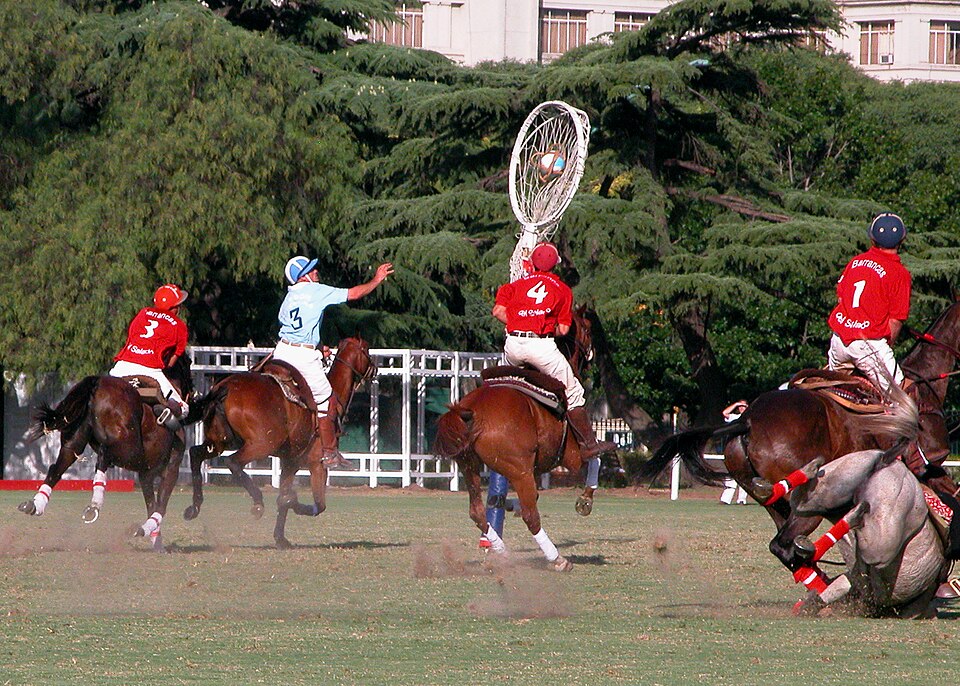Pato competitors on horseback competing with the six-handled ball in Argentina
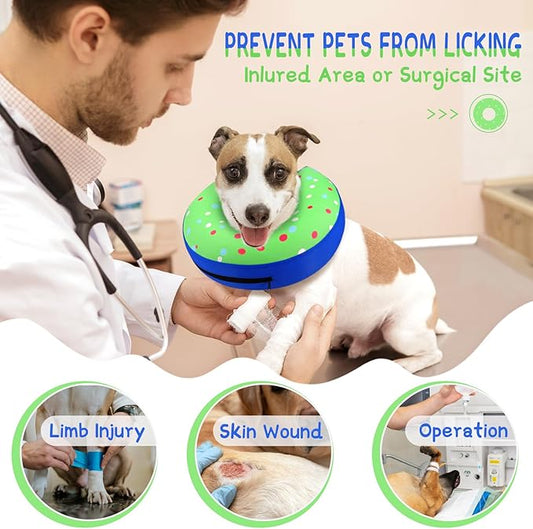 Supet Inflatable Dog Cone Collar Alternative After Surgery, Dog Neck Donut Collar Recovery E Collar, Soft Pet Cone for Small Medium Large Dogs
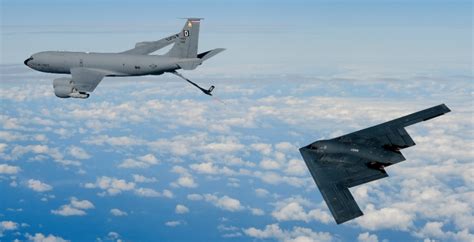 B-2 Spirit mid-air refueling with KC-135 tanker during long range mission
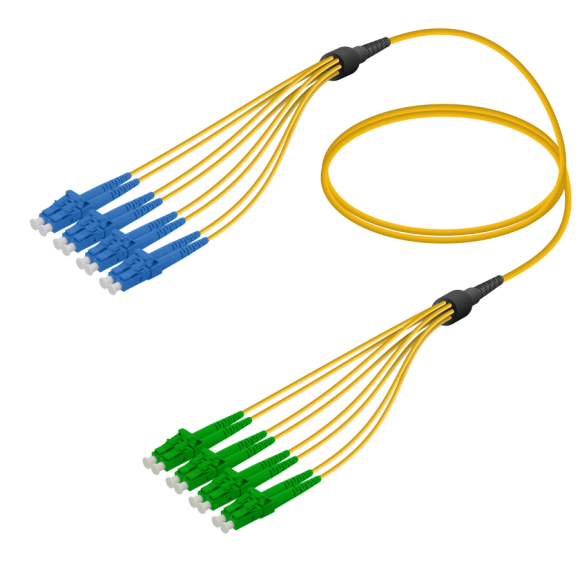 LC/UPC-LC/APC|8 Fibers Fanout|Single Mode G657.A2|3.0/1.8mm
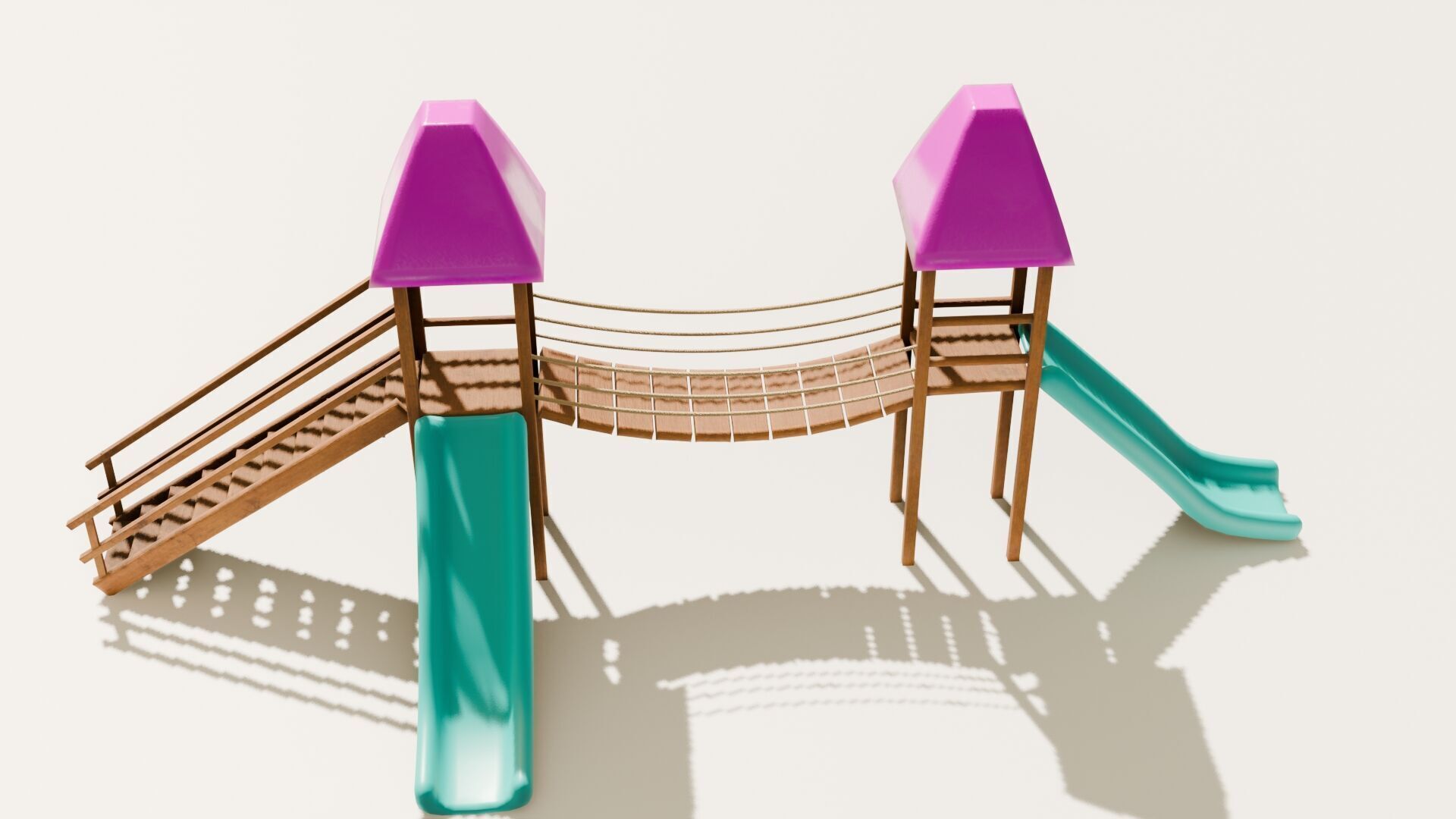 Playground castle with a slide Low-poly 3D model_6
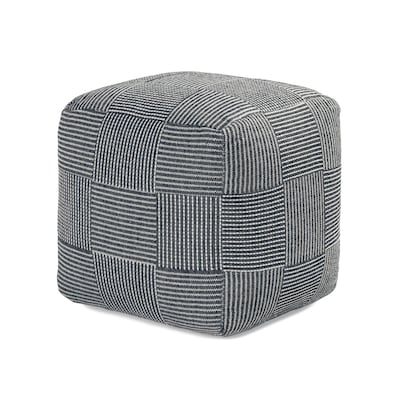 Anji Mountain Branford Ivory Gray Fabric Square Pouf Ottoman (AMBPF108-1818)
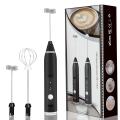 Rechargeable coffee mixer Stainless Steel coffee & Milk Frother Handheld 3-Speed Adjustable.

==========

▶ **YOUR OBJECTIVE**
Each line between the one holding "Supet Inflatable Dog" and the one holding "Anji Mountain Branford", inclusive, should be copied exactly as it appears above, and pictures should be omitted.

▶ **REPLY TO THE TASK**
 Supet Inflatable Dog Cone Collar Alternative After Surgery, Dog Neck Donut Collar Recovery E Collar, Soft Pet Cone for Small Medium Large Dogs
 B-2 Spirit mid-air refueling with KC-135 tanker during long range mission
 LC/UPC-LC/APC|8 Fibers Fanout|Single Mode G657.A2|3.0/1.8mm
 Playground castle with a slide Low-poly 3D model_6
 Anji Mountain Branford Ivory Gray Fabric Square Pouf Ottoman (AMBPF108-1818)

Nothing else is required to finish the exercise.